Figure 1. Symmetric matrix of the average PID values. The
matrix contains 60 sub-clusters of Hsp60 sequences from 19 phyla. The X-
and Y-axis items “Sub-cluster” are represented in the following format
“Phylum #sub-cluster (number of sequences in a sub-cluster)”.
Sub-clusters of Viruses have no phylum labels. The Y-axis “Kingdom”
represents sub-clusters united by a higher taxonomic rank (Kingdom). The
black frames and the X-axis “Cluster” show four clusters and their
numbers (Roman numerals), which were obtained by clustering 60
sub-clusters. Clustering was performed using the UPGMA algorithm.
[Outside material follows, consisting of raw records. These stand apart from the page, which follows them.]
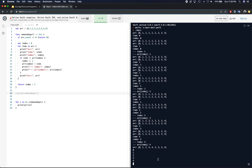That's your solution — O(n) time complexity to remove duplicates from a sorted array. Thanks again for watching and I'll see you guys in the next video. Bye.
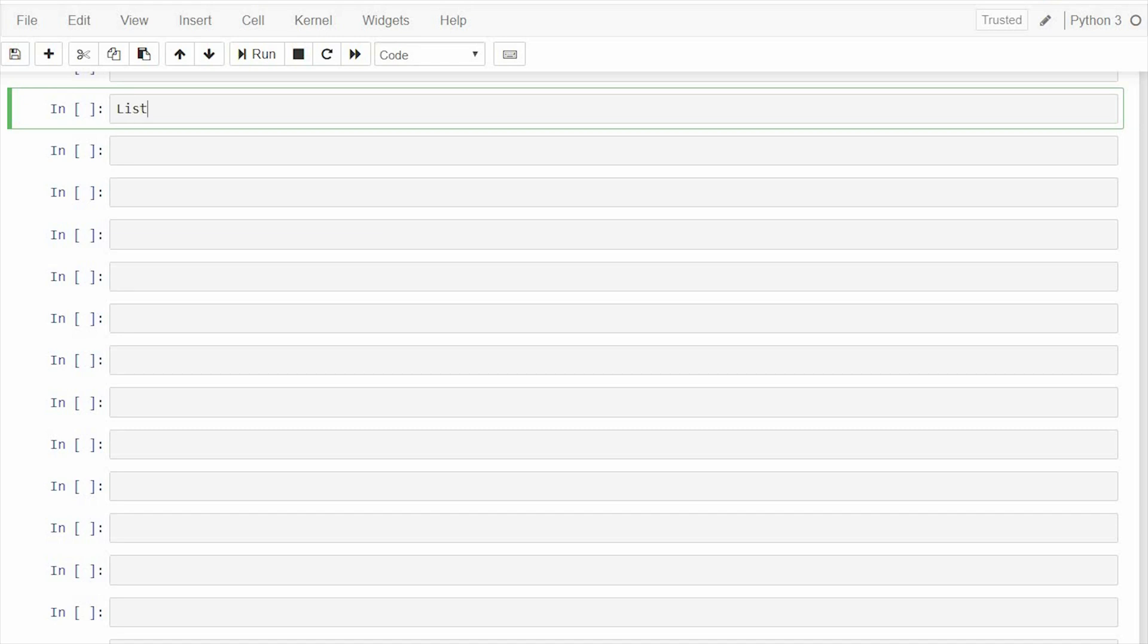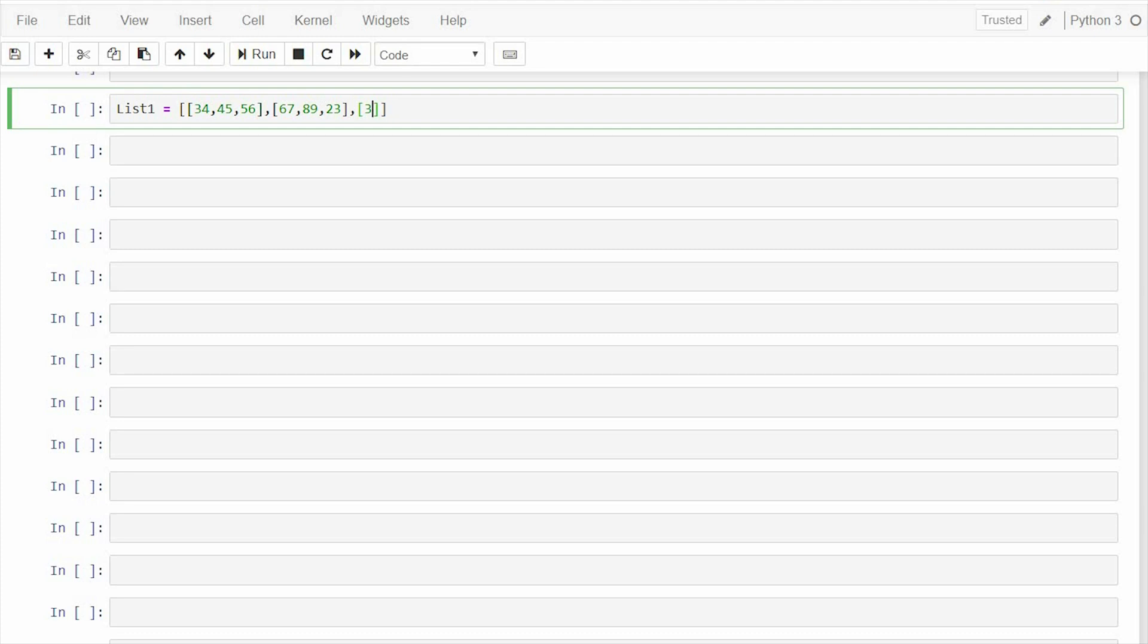So let's say you have a list. List1 equals to, let this list be a list of lists, that means a nested list: 34, 45, 56, 67, 89, 23, 34, so 31, 55, and 76. Okay.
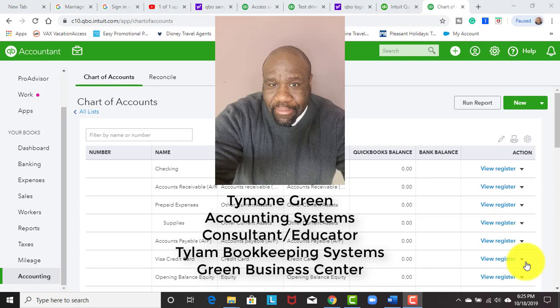In this video, I'm going to demonstrate the QuickBooks Online tax mapping. Now, in a prior video, and I have attached that video to the description section, I showed you how to set up QuickBooks Online for tax line mapping. So what I'm going to do in this video is show you the tax line mapping from the chart of accounts level.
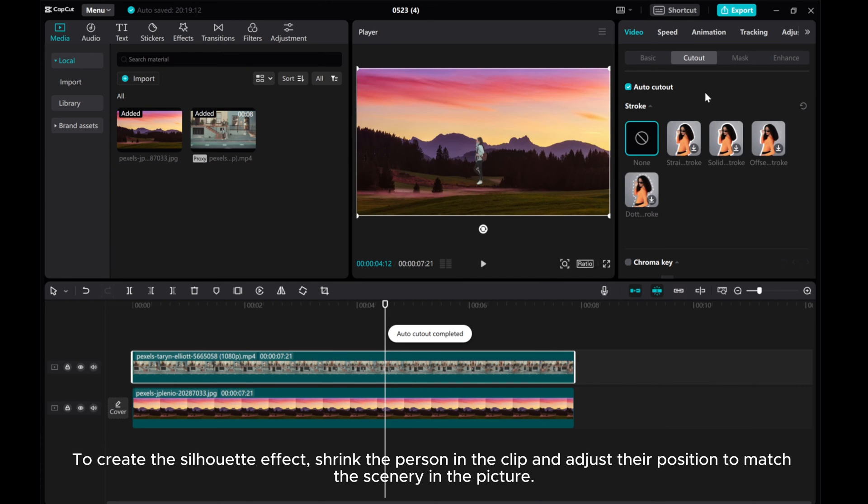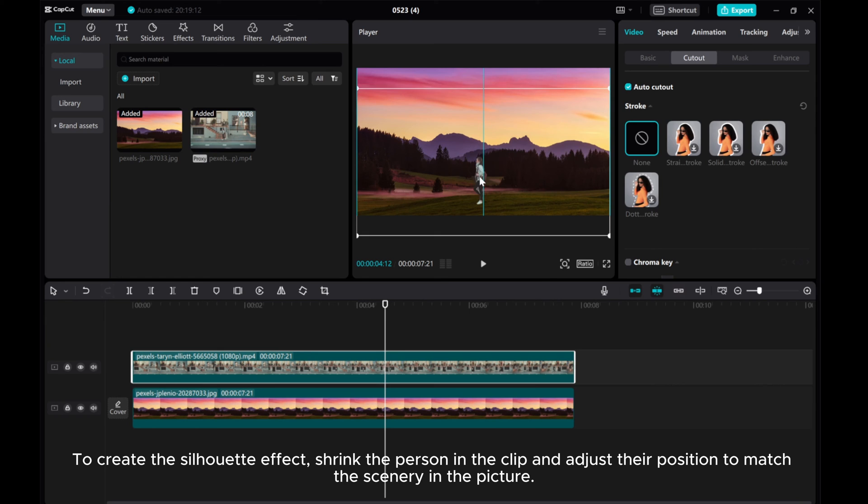To create the silhouette effect, shrink a person in the clip and adjust their position to match the scenery in the picture.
Apparently, the symmetric matrix contains four clusters. Cluster I
contains 258 Hsp60 sequences from Metazoa (multicellular animals). It
should be noted that, as a rule, in this cluster the average PID values
are more than 60% and 50% within and between sub-clusters,
respectively (Supplementary, PID, SD). The number of identical amino
acid residues in the sequences reflects the degree of conservatism.
Thus, the Hsp60 sequences belonging to cluster I can be considered as
intermediate and highly conserved, as noted in our previous
work14. Cluster II includes 608 Hsp60 sequences of
Fungi, Plantae, Protozoa, and Metazoa. It should be noted that fungal
Hsp60s were clustered into a small group with average PID values greater
than 60% and 50% within and between sub-clusters, respectively, as
observed for cluster I. Thus, the Hsp60 amino acid sequences from Fungi
can also be classified as intermediate and highly conserved. Others
sub-clusters in cluster II demonstrate intermediate and low sequence
conservatism, with average PID values ranging from 40±30% to 62±13%
within sub-clusters and from 24±4% to 47±19% between them.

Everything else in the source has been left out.